D.C. Area EMTs Look To The Next Big Emergency

May 19, 2004
The Washington region's public safety agencies have learned a lot about each other's operations since the Sept. 11 terrorist attack on the Pentagon. Now, they're trying to improve their response capabilities for the next big challenge.

WASHINGTON (AP) -- The Washington region's public safety agencies have learned a lot about each other's operations since the Sept. 11 terrorist attack on the Pentagon. Now, they're trying to improve their response capabilities for the next big challenge.

``In this post 9/11 era, we could be the target, and we need to be sure that our people in the field are able to recognize signs, deal with the situation and keep themselves safe,'' said Jay J. Brown, deputy chief of the Loudoun County, Va., Department of Fire and Rescue.

Training scenarios widely used in the region over the past two years have included simulations involving nuclear, biological or chemical exposure of public safety personnel arriving to treat patients injured by a conventional explosion or other hazard.

While technology and lifesaving protocols are improving, many departments are facing the retirement and loss of some of their most experienced personnel. About 150 paramedics, emergency medical technicians and emergency physicians from northern Virginia, suburban Maryland and the District of Columbia spent the day discussing ways to close the gap.

``We have a two-year training program for paramedics that isn't putting out paramedics like it needs to be,'' said Dr. Fernando Daniels III, medical director of the D.C. Fire and Emergency Medical Services Department. He cited the loss of income, and strain on personal lives as reasons for declining enrollment.
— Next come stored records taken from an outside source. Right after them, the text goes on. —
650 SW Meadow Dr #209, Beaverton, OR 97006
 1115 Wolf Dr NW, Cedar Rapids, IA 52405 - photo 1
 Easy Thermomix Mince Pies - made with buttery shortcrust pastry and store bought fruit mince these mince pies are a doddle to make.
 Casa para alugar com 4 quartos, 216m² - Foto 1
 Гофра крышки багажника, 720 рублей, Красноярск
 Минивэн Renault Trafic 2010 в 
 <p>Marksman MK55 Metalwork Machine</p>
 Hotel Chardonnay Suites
Emergency medical technicians in his department now outnumber paramedics by a ratio of six to one. That means EMTs will be called upon to perform more services.

Local departments are also being encouraged to be flexible about their mutual aid plans so that their home territories are not left vulnerable during regional incidents.

``We have jurisdictions that could go either into the Baltimore region or into the national-capital region,'' said Dr. Robert R. Bass, executive director of the Maryland Institute for EMS Systems.

In Virginia, EMS operations are broken into eleven regions, making it more likely that departments belonging to the Northern Virginia EMS Council will work with their D.C. region counterparts than with units from Richmond, said Melinda Duncan who has served as executive director of the council since 1987.

``Washington D.C., is right across the river, and Maryland is a little further up,'' Duncan said.